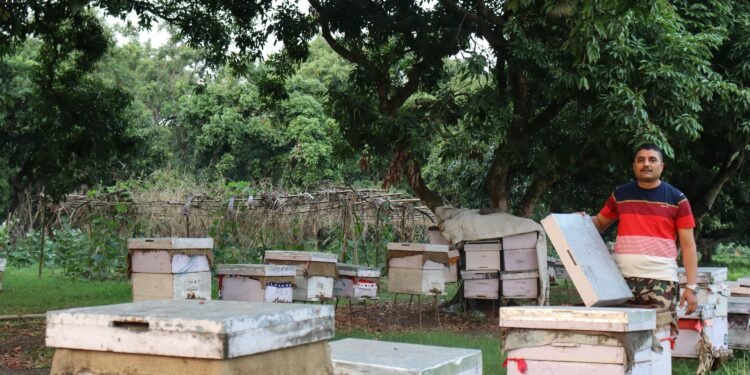 मौरीपालेर वार्षिक आठ लाख बढी आम्दानी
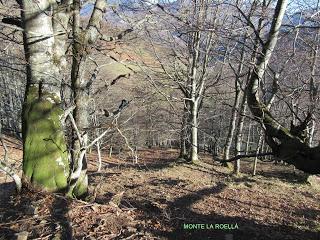 El Pino-L.lavayos-La Felguera-L.ladiel.los-Pola del Pino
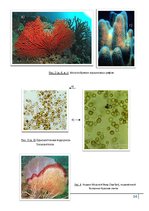 Research Papers 'Коралловые рифы и возможности их спасения', 34.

========

Repeat the whole listing above word for word, but keep any picture out of it.

 मौरीपालेर वार्षिक आठ लाख बढी आम्दानी
 El Pino-L.lavayos-La Felguera-L.ladiel.los-Pola del Pino
 Research Papers 'Коралловые рифы и возможности их спасения', 34.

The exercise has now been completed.